• Work required:
Starting at the first line of the entries, extract each line up to and including the one that contains "Womens Bikini Set", but leave out the pictures.

Data to examine Block Start

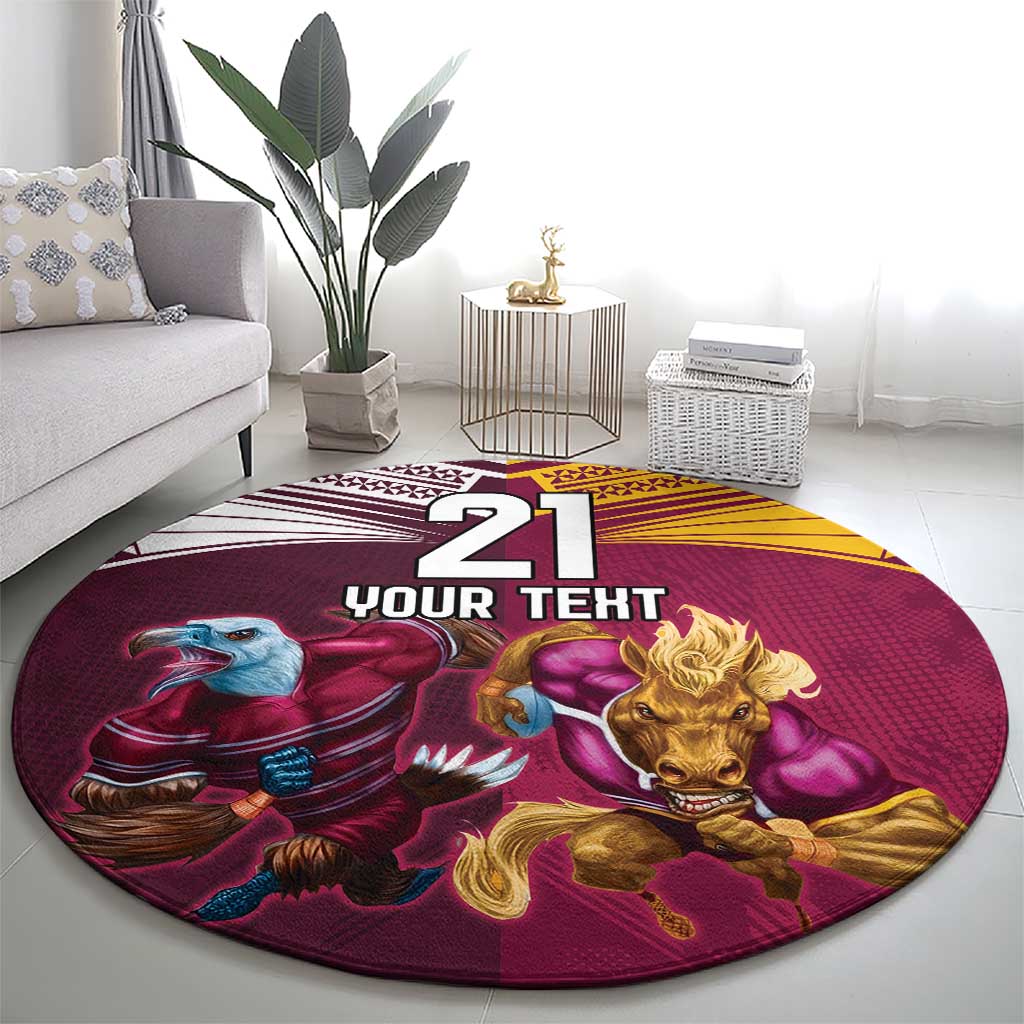Custom Sea Eagles And Broncos Rugby Round Carpet Sporty Style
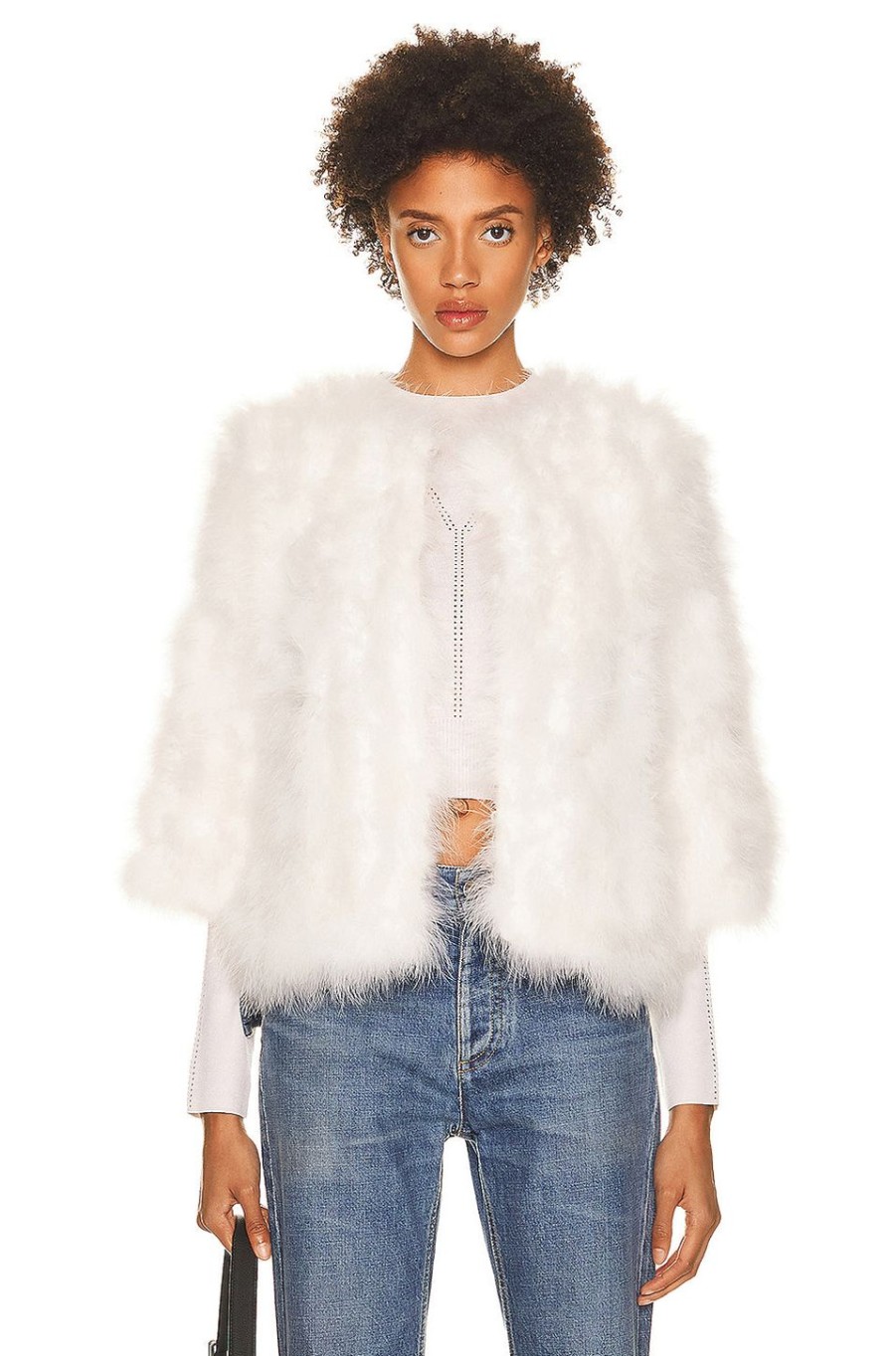 Women Yves Salomon Jackets & Coats | Feather Cropped Jacket Meringue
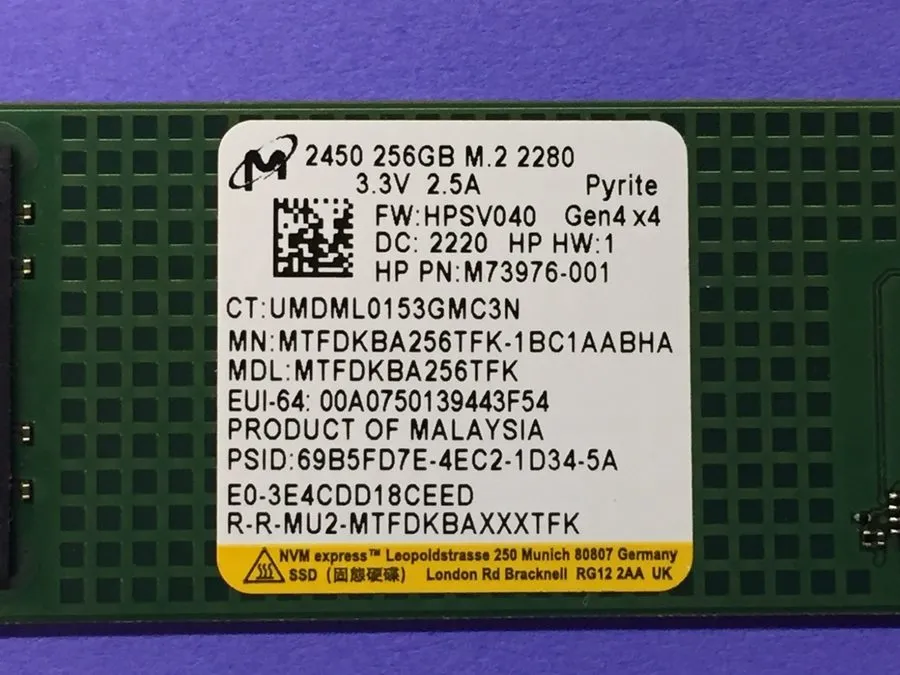 SSD-накопитель Micron 256GB NVMe PCIe SSD MTFDKBA256TFK-1BC1AABHA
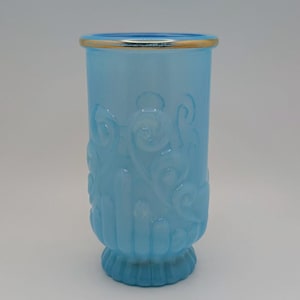 1970s Avon Bristol Blue Opaline Glass Vase – Art Deco Scroll Embossed, Gold Rim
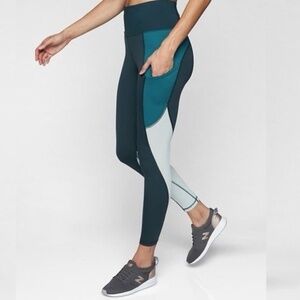 Athleta Colorblock Up For Anything Leggings Size L Constellation Blue
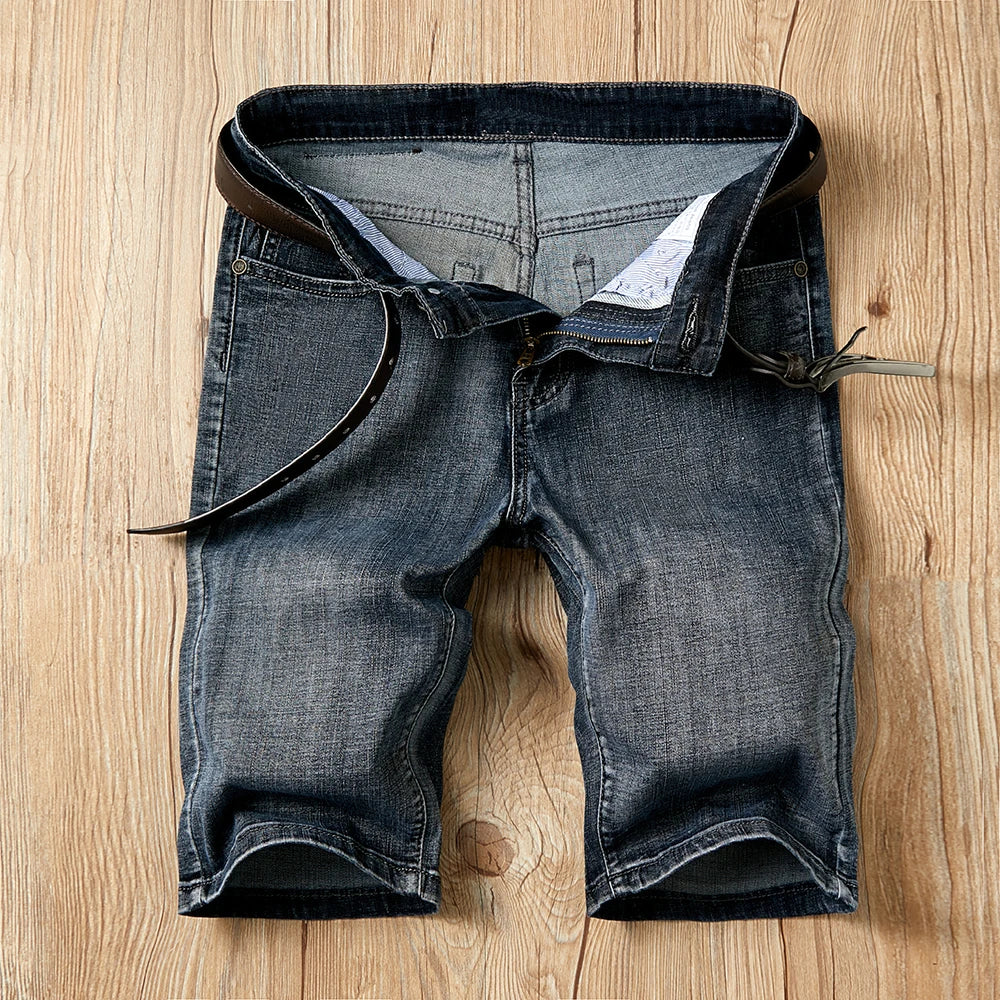 Summer Shorts Jeans Men Denim Pants Stretch Dark Blue Fashion Design Men's Jeans Slim Straight Male Short Jeans Hombre - Tasawoq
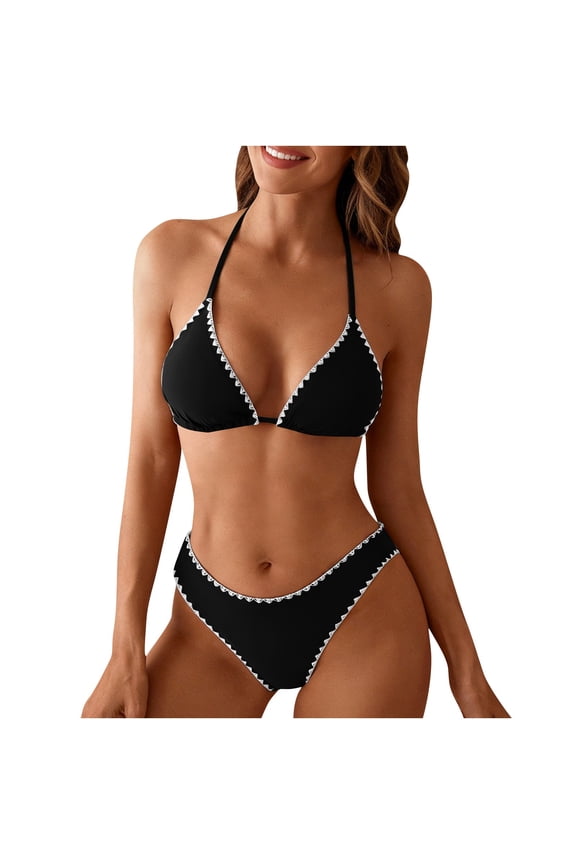 Womens Bikini Set 2 Piece Sexy Wavy Edge Color Block Back Tie Halter Swimsuit with Bottom Cheeky Beach Vacation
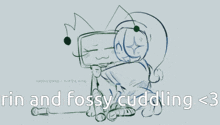 a drawing of a person hugging another person with the words " i 'm and fosty cuddling < 3 "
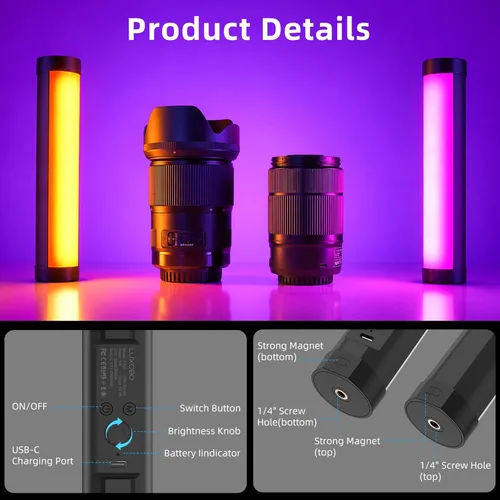 Vista 4 de LUXCEO Varita de luz LED RGB multicolor – Mini luz recargable de 2000 mAh para grabación de video, luces de tubo profesional con base magnética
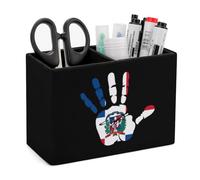 Dominican Republic Flag Palm Leather Pen Pot 2 Sections Pencil Holder Office Desktop Organizer Makeup Storage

Data to examine Block End

• Exercise output:
Custom Sea Eagles And Broncos Rugby Round Carpet Sporty Style
 Women Yves Salomon Jackets & Coats | Feather Cropped Jacket Meringue
 SSD-накопитель Micron 256GB NVMe PCIe SSD MTFDKBA256TFK-1BC1AABHA
 1970s Avon Bristol Blue Opaline Glass Vase – Art Deco Scroll Embossed, Gold Rim
 Athleta Colorblock Up For Anything Leggings Size L Constellation Blue
 Summer Shorts Jeans Men Denim Pants Stretch Dark Blue Fashion Design Men's Jeans Slim Straight Male Short Jeans Hombre - Tasawoq
 Womens Bikini Set 2 Piece Sexy Wavy Edge Color Block Back Tie Halter Swimsuit with Bottom Cheeky Beach Vacation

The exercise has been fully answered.